> [Supplied records]
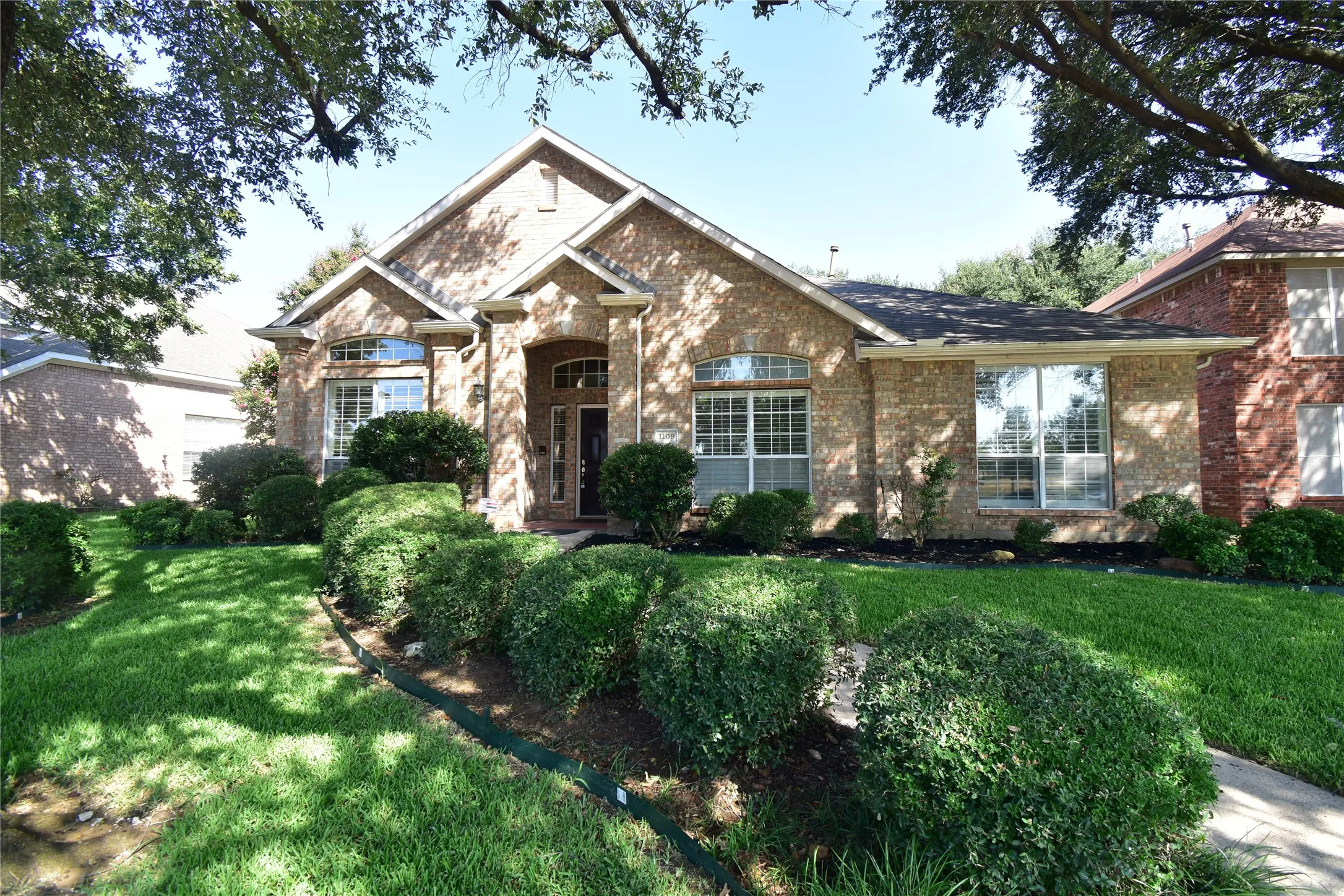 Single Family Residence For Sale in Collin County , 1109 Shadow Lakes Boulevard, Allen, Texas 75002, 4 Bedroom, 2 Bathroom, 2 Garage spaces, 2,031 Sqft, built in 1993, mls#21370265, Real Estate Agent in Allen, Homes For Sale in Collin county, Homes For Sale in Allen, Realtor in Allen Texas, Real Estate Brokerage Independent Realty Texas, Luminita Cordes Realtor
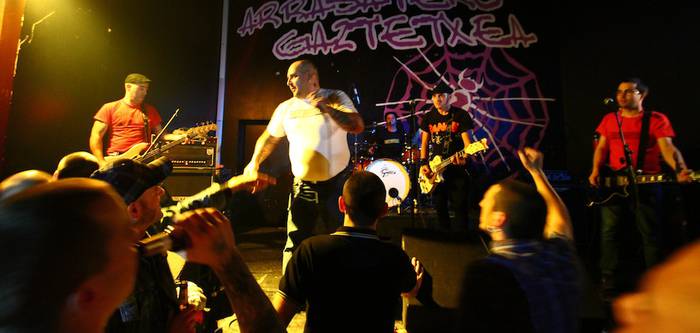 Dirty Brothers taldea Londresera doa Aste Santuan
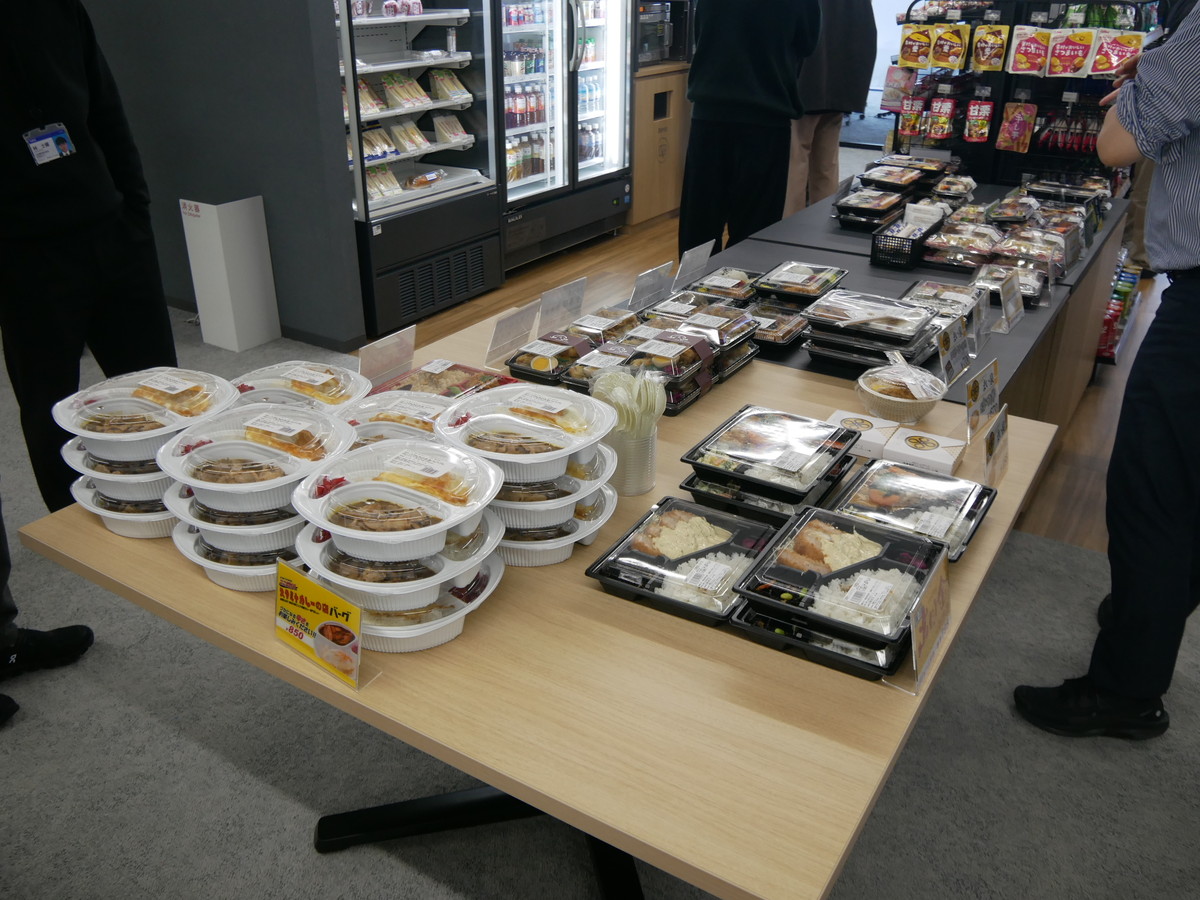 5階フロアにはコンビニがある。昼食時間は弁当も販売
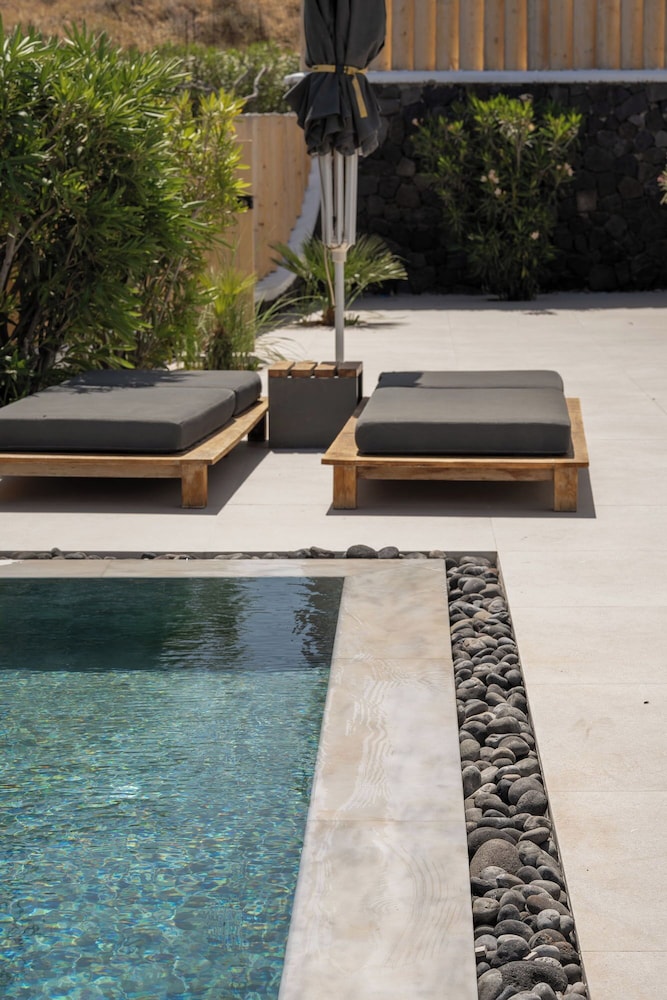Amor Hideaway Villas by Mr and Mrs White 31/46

==

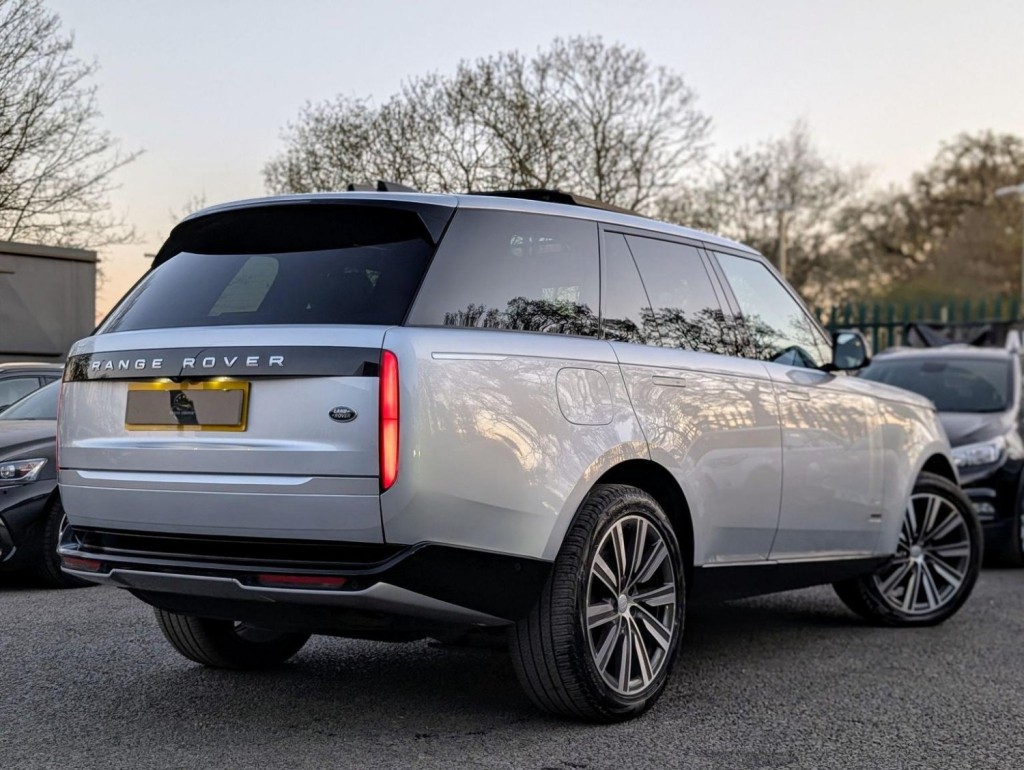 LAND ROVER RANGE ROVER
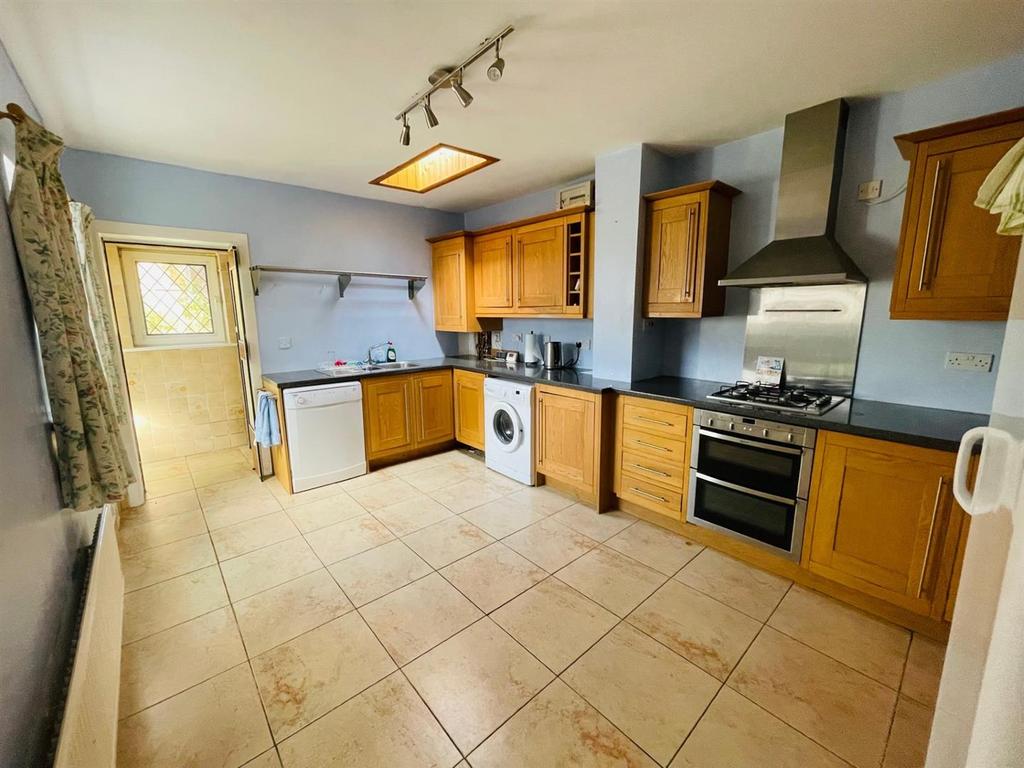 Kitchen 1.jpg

> [Try it] Using the data above, set down each line from the line with "Dirty Brothers taldea" to the line with "Amor Hideaway Villas" exactly, both ends included, and leave the pictures behind. Nothing else belongs.

> [Problem solution]
 Dirty Brothers taldea Londresera doa Aste Santuan
 5階フロアにはコンビニがある。昼食時間は弁当も販売
Amor Hideaway Villas by Mr and Mrs White 31/46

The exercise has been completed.